President Robert Mugabe of Zimbabwe spoke at the UN Food and Agriculture Organization headquarters during a food security summit in Rome on Tuesday. President Robert Mugabe of Zimbabwe spoke at the UN Food and Agriculture Organization headquarters during a food security summit in Rome on Tuesday. (Alessandra Tarantino/Reuters)

President Robert Mugabe called for the West to lift sanctions against Zimbabwe, which he said were designed by "neo-colonialist enemies" who want his land reforms to fail.

Mugabe, speaking at the United Nations food summit in Rome, blamed the "inhuman and illegal sanctions" against his country for the economic meltdown that befell his country after he initiated controversial land reforms.

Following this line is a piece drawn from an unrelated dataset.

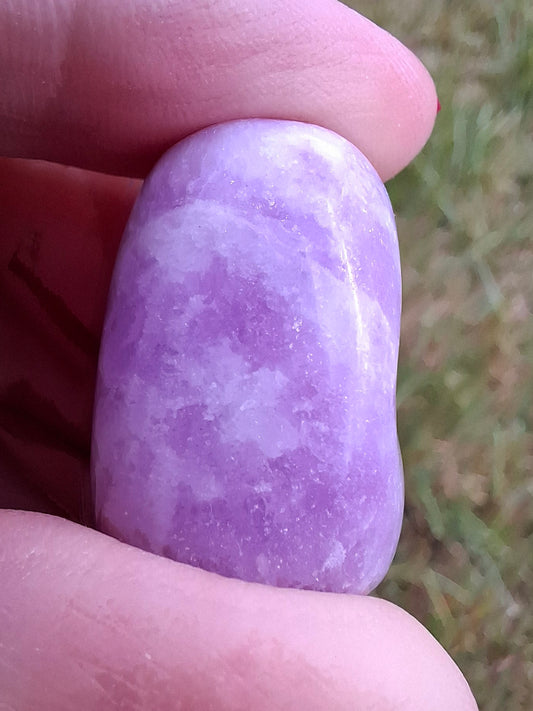 Lepidolite, Tumble Stone, Crystal (Ref: T119)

Under Mugabe's measures that began in 2000, thousands of white-owned farms were handed over to landless blacks, seizures Mugabe argued were necessary to resettle blacks kicked off their land during British colonization.

Critics said the policy left much of the best farmland unused, as resettled farmers did not have the proper equipment, supplies and seed to keep production at previous levels. As a result, a country that was once a major food supplier in Africa has fallen into poverty and faces food shortages.

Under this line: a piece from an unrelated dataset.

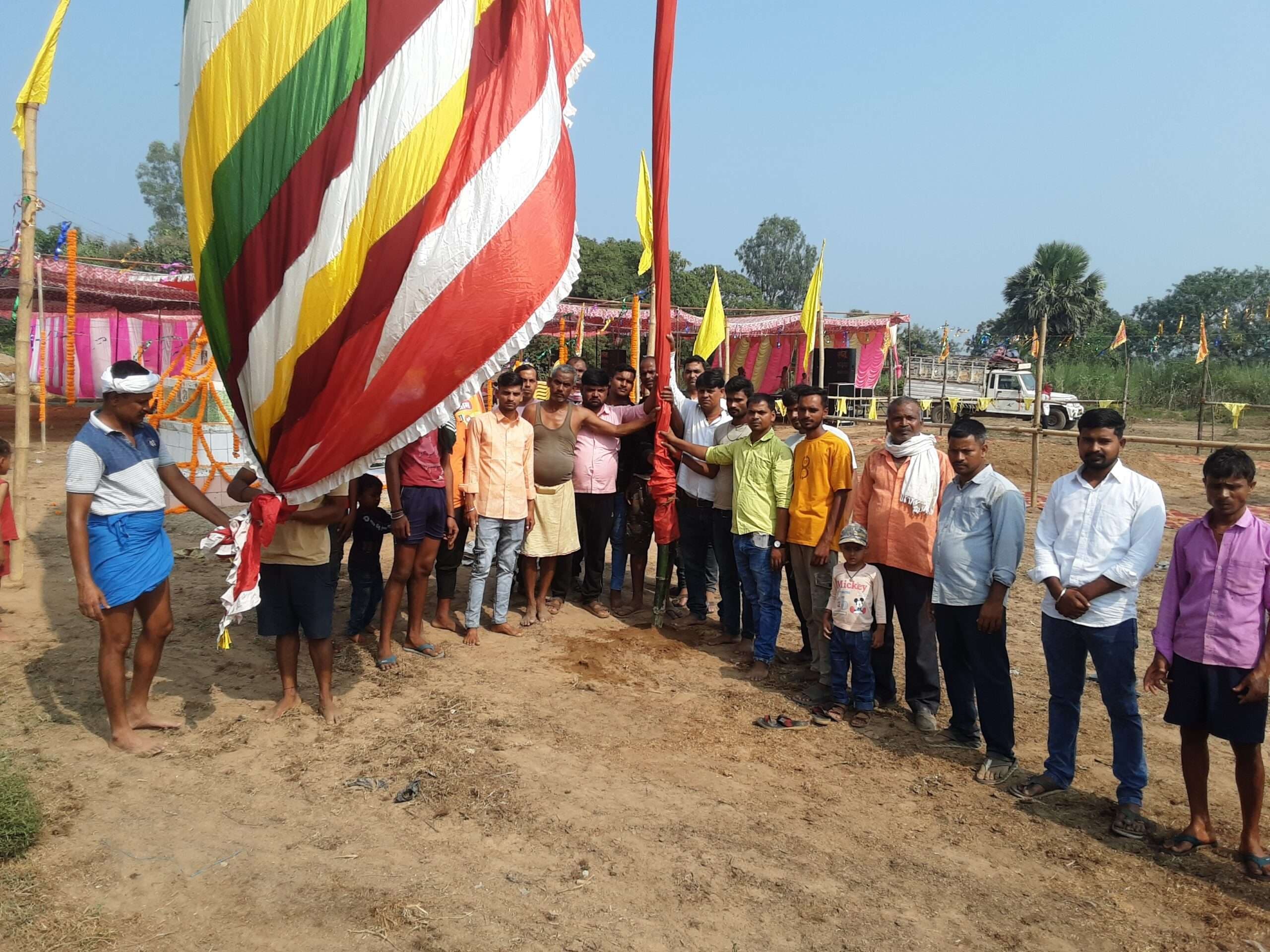 दयालगंज में काली माता की प्राणप्रतिष्ठा के लिए हुआ ध्वज पूजन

Last year was a record low for maize production in Zimbabwe, though in 2009 the country was expected to harvest a crop of 1.14 million tonnes, an increase of 130 per cent from the previous year.

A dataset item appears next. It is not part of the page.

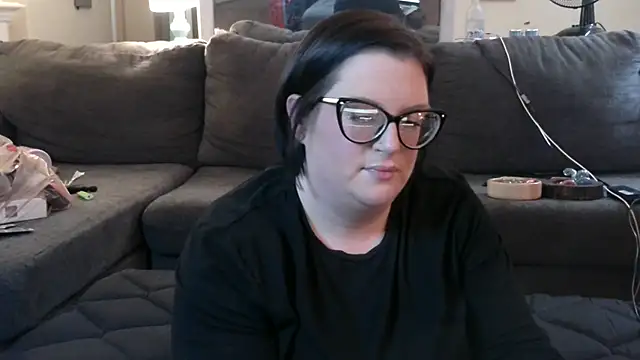 Snapshot of FreaksOffALeash3261 chatting on 02/13/26, 07:37 FreaksOffALeash3261 online show from 02/13/26, 07:37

Around 2.8 million of the more than 12 million people living in Zimbabwe might need humanitarian assistance before the next harvest in April 2010, according to the latest crop and food supply assessment from the United Nations World Food Program.

The assessment says most of those needing assistance are in rural areas, where many farmers were expected to begin exhausting their crop supplies in October, the organization said.

While Mugabe blamed the country's ills on sanctions, Western countries say those sanctions target only Mugabe and his top aides, and include travel bans and asset freezes.